Case Study


Not all inverters are the same…

A discussion on why inverter selection can have a greater bearing on electrical powertrain performance than is immediately obvious.

In the search for ever increasing levels of efficiency, traditional internal combustion engines are experiencing high levels of innovation focused on downsizing and forced induction. Whilst this does not appear to have a parallel with the ever increasing levels of powertrain electrification, a focus on system performance, ie conceiving the battery, inverter & electric machine together, can have an equally dramatic effect on weight, size, performance, and of course, cost.
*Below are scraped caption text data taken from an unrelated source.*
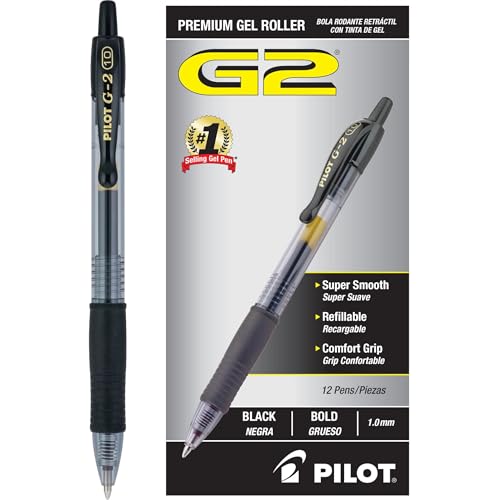 Pilot G2 Premium Gel Pens 1.0mm Bold Point Black Ink 12-Pack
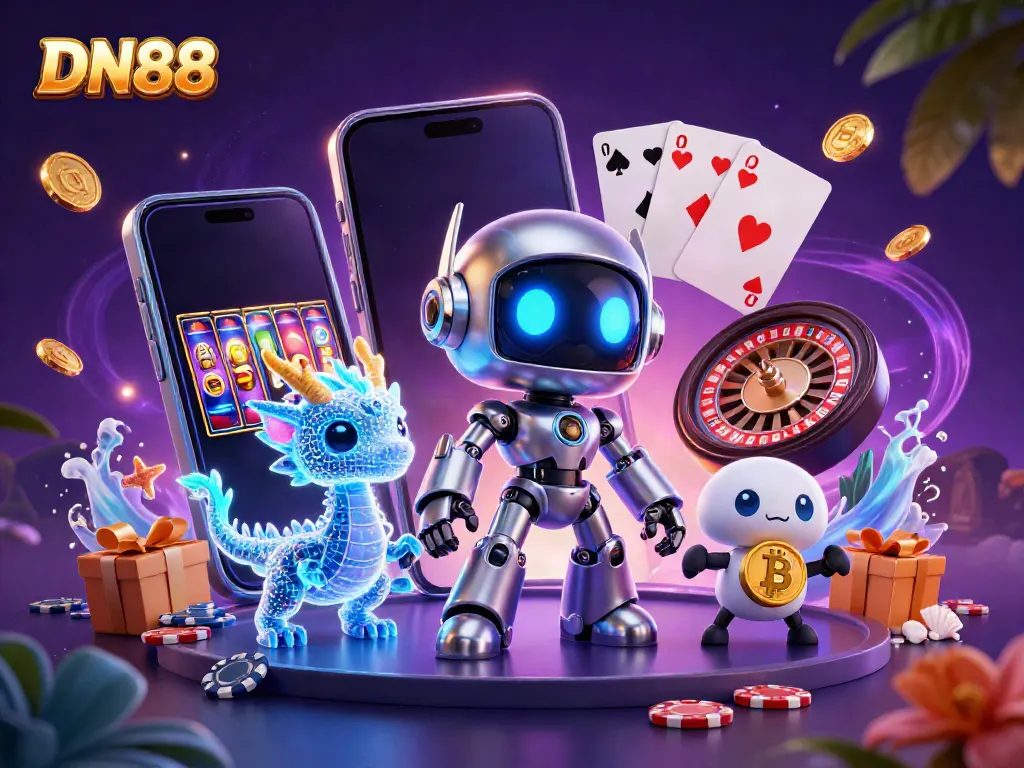 Experience the vibrant gaming atmosphere of DN88 with our dynamic robot mascot and digital elements.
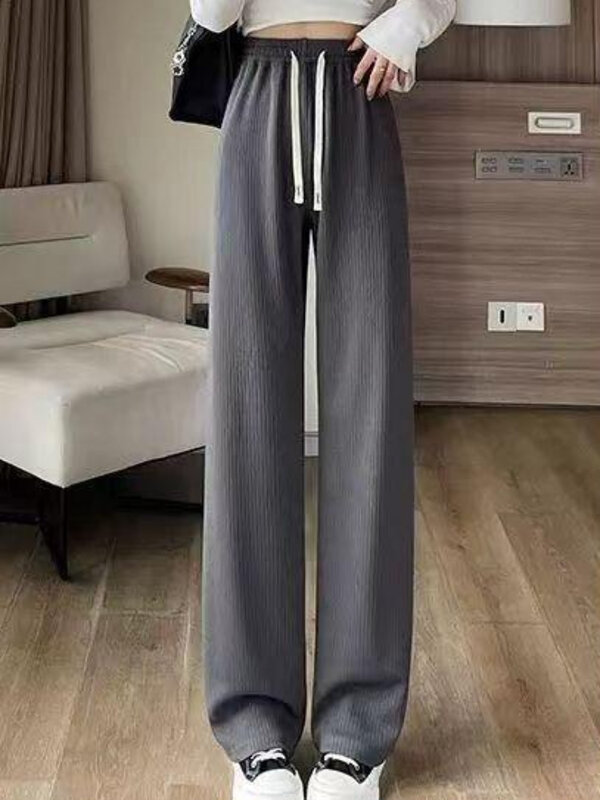 Pantalones rectos con cordón para mujer, ropa de calle juvenil, estilo coreano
A traditional route to conceiving an electrified powertrain will tend to specify the system components in the order of electric machine, battery, and finally the inverter. In this sequence, the most complex unit, responsible for optimising bi-directional energy flow between battery and electric machine as well as integration with safety critical vehicle operating systems, is given the lowest priority, possibly because of the belief that an inverter is an inverter… The author would argue that inverter selection should be given greater consideration at the time of specifying the battery and motor, as the inverter will have an equally significant impact on whether or not the system’s performance and cost targets are achieved.

Zytek is a company experienced in the parallel development of electric machines, power electronics and batteries, specifically engineered for both mainstream and motorsport sectors of the automotive market. As a consequence Zytek are uniquely placed to understand the key parameters that are required to be considered in the development of a successful HV electrical system, with the inverter as the key enabler to unlock system potential.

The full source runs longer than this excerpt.